# Propane LPGas 8N 1957 don't know how to fill it



## cap (2 mo ago)

It looks just like this one. 



Problem is it ran out of fuel and I can't fill it. Can you tell me what propane hose I need to buy to fill from a propane tank? I guess i need a bleeder valve too maybe.
Don't know were to buy it.


----------



## LouNY (Dec 15, 2016)

My memory on filling a propane tractor doesn't include the line that we used.
As I recall the valve was very much like the one the propane dealers use to fill the small portable tanks,
it threads onto the tractor tank fill then has a hand valve to open.
There should be a bleeder type vent on the tractor tank.
Some people had a pump on the storage tank that you filled from many did not.
Hook up the fill line from the storage tank which had a liquid draw line (a dip tube to the bottom of the tank) to the tractor tank open the tank
valves open the tractor tank fill and let the liquid propane start flowing into the tractor tank, then open the vapor bleeder and bleed propane gas off till
you start getting liquid from the bleeder vent. Close the bleeder, close the tank and line valves, loosen the connector and let the trapped liquid escape.
Your tractor tank would be full.
Lots of propane vapors released and drifting around so some what hazardous if not done carefully.

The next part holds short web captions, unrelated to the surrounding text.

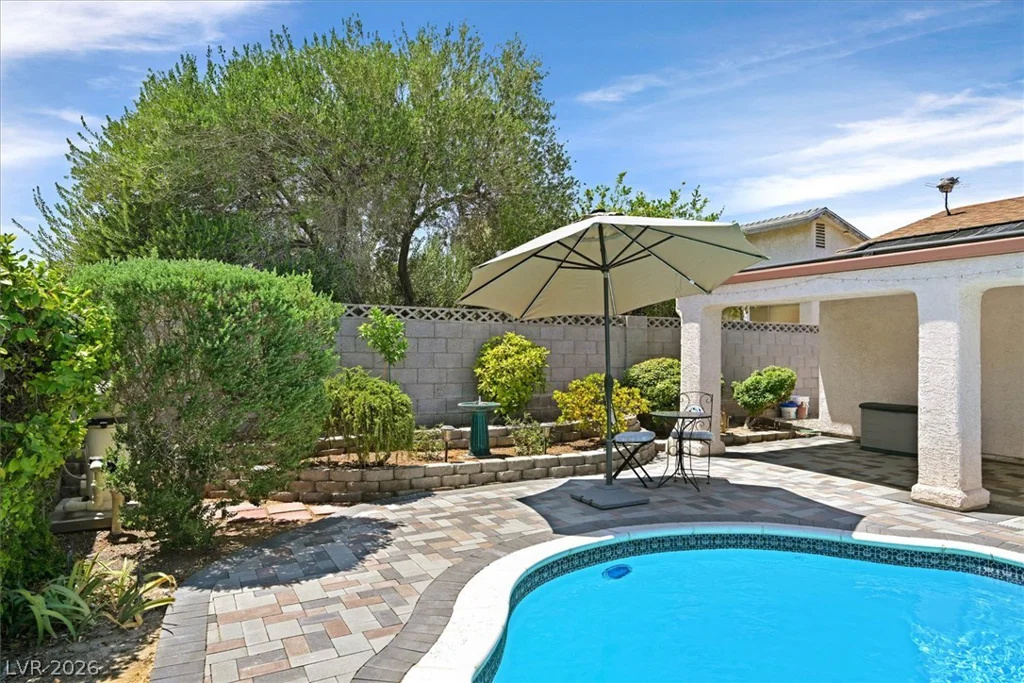 3557 Brittlewood, Las Vegas, NV 89120
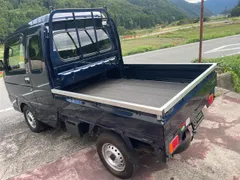 Suzuki Super Carry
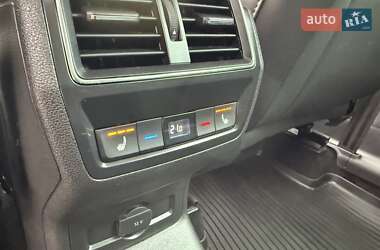 Внедорожник / Кроссовер Skoda Kodiaq 2020 в 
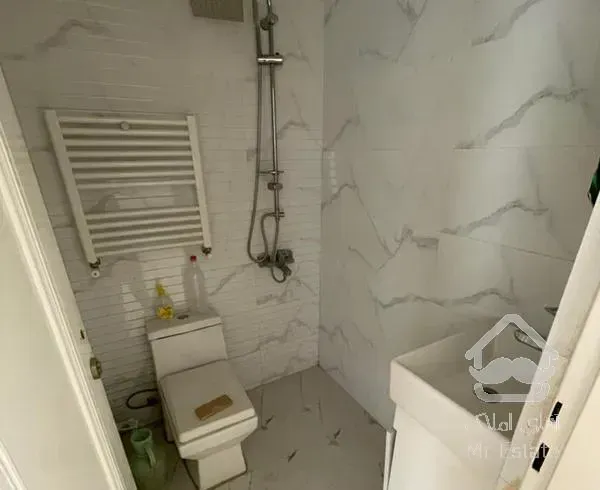 129 متر کلید نخورده سردار جنگل شمال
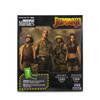 Movie Maniacs WB 100: Jumanji The Next Level - Franklin 'Mouse' Finbar 6-Inch Posed Figure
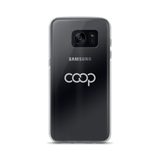 Samsung Galaxy S7 .coop Mobile Case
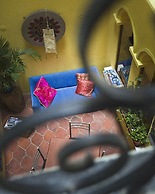 Manso Boutique Guesthouse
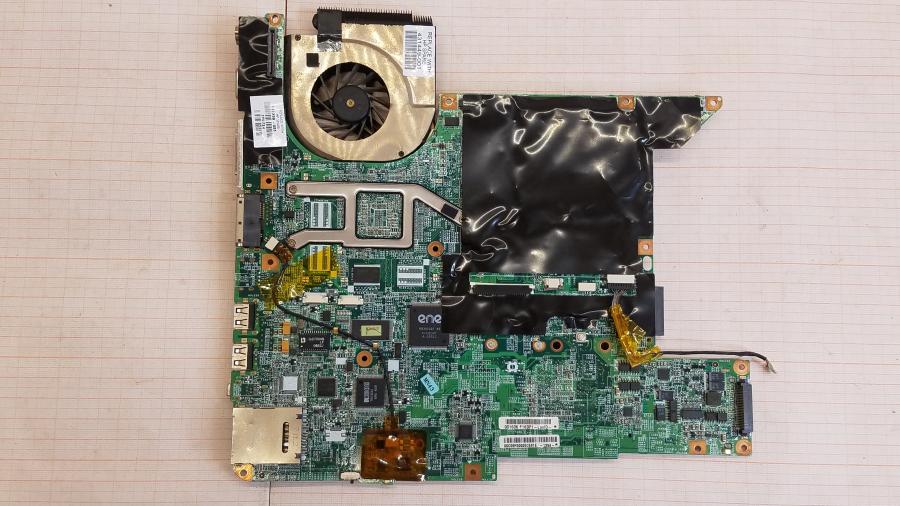 088-009-001 Ноутбук HP Pavilion dv6000 (dv6251eu) #15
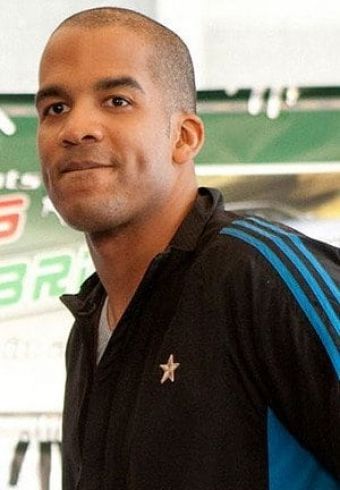 Reggie Austin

To get enough in your tractor tank to get it started you will need a hose between the two tanks.
If using a common 20-40# tank you will need to invert it to get a liquid transfer between tanks.


----------



## Joe.S.AK (Nov 26, 2020)

Hey CAP, a suggestion:

Go find a propane sales place, then go find the old guy who knows Jack -- and get his recommendations. 

It could be that rotating through a couple of spare tanks might be the easiest way to go - when one runs out just swap it out and fill the old one when you next go to town. Without having a propane delivery truck type set-up (with pumps, hoses and such) your refilling could be pretty awkward.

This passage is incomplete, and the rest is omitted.